▶ WORK INSTRUCTION
Please retype the listing below word for word and exclude its images.

▶ DATA
- Opening Delimiter -
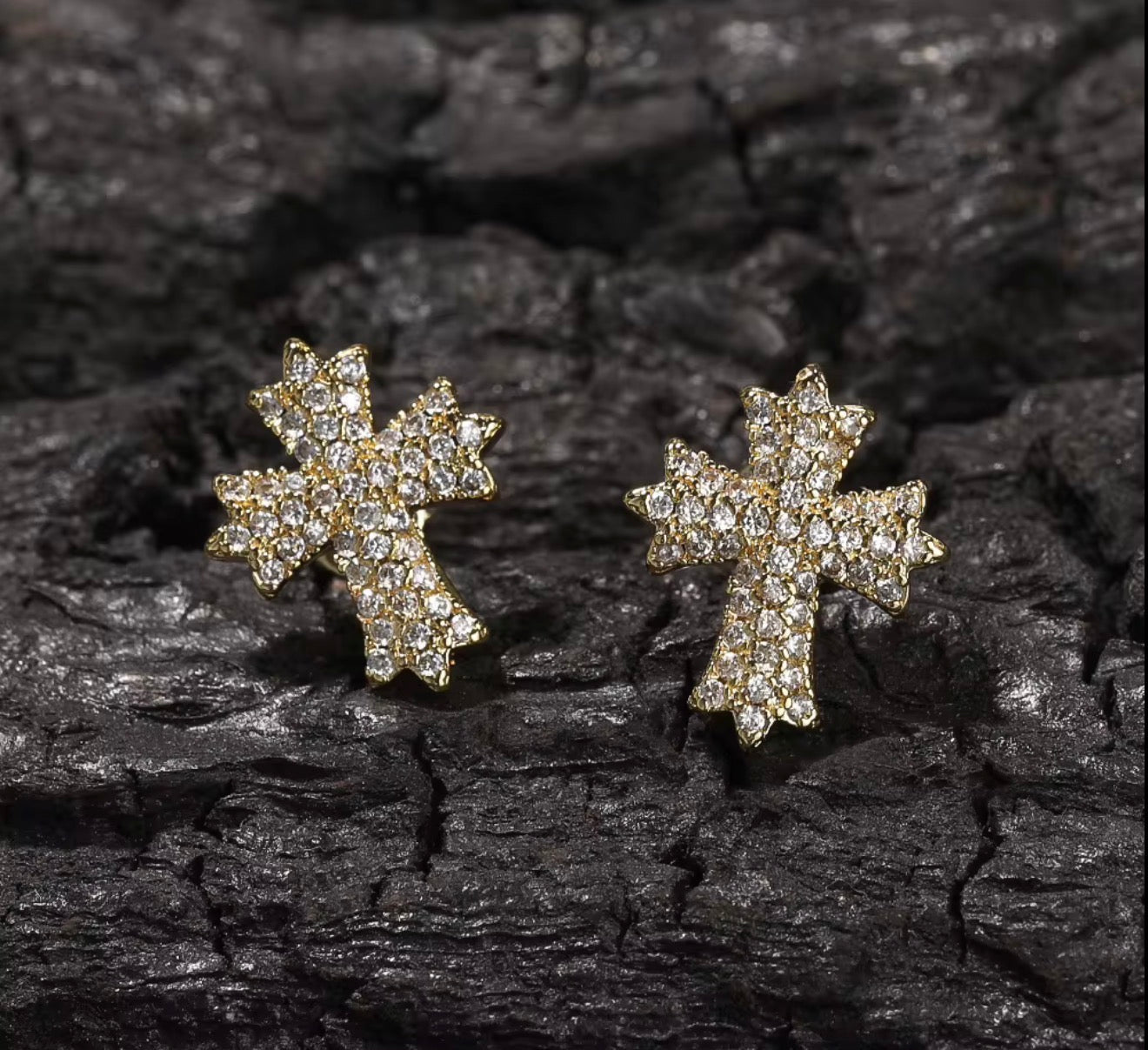 Iced Gothic Cross Stud Earrings - Virtue JewelGoldEarrings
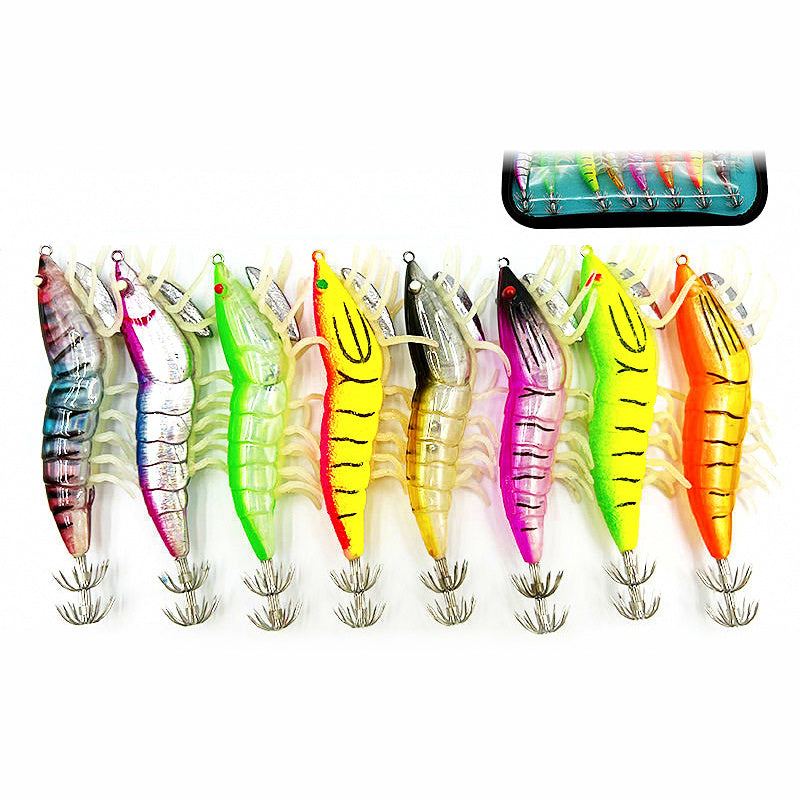 Glow Squid Jigs, Size 3.5 Wood Shrimp Egi, 8-Pack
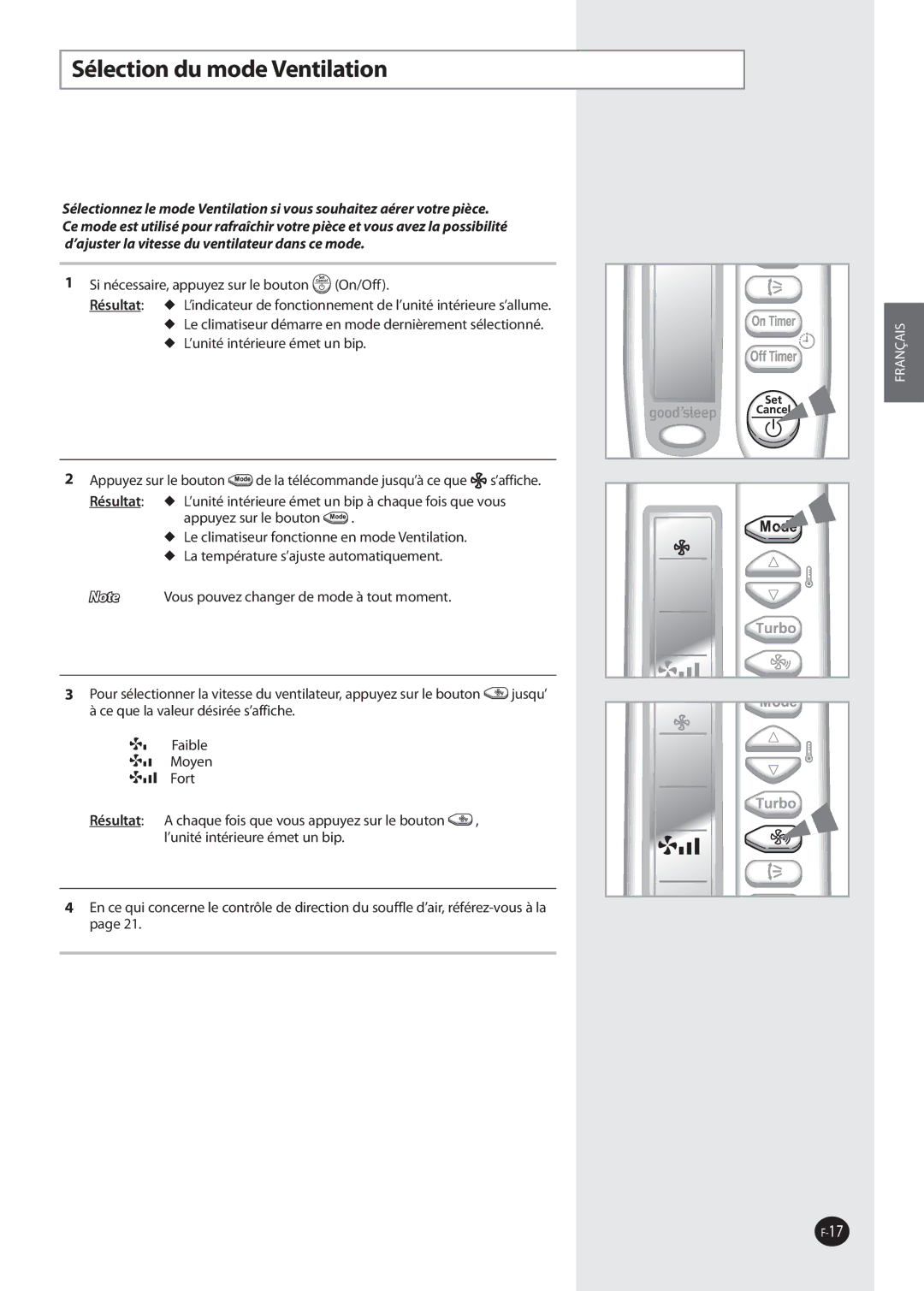 Samsung AQ09NSDX, AQ09NSAN, AQ09NSDN, AQ12NSDX, AQ12NSDN, AQ09NSAX, AQ12NSAX, AQ12NSAN manual Sélection du mode Ventilation 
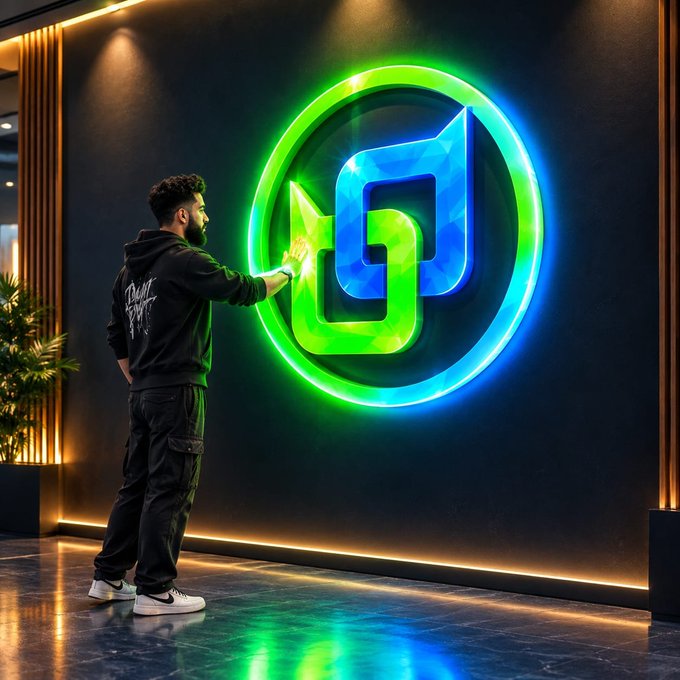 A bearded man in black streetwear reaches toward a glowing neon green and blue abstract logo mounted on a dark wall in a modern interior space.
- Closing Delimiter -
▶ ANSWER TO THE EXERCISE
 Iced Gothic Cross Stud Earrings - Virtue JewelGoldEarrings
 Glow Squid Jigs, Size 3.5 Wood Shrimp Egi, 8-Pack
 Samsung AQ09NSDX, AQ09NSAN, AQ09NSDN, AQ12NSDX, AQ12NSDN, AQ09NSAX, AQ12NSAX, AQ12NSAN manual Sélection du mode Ventilation 
 A bearded man in black streetwear reaches toward a glowing neon green and blue abstract logo mounted on a dark wall in a modern interior space.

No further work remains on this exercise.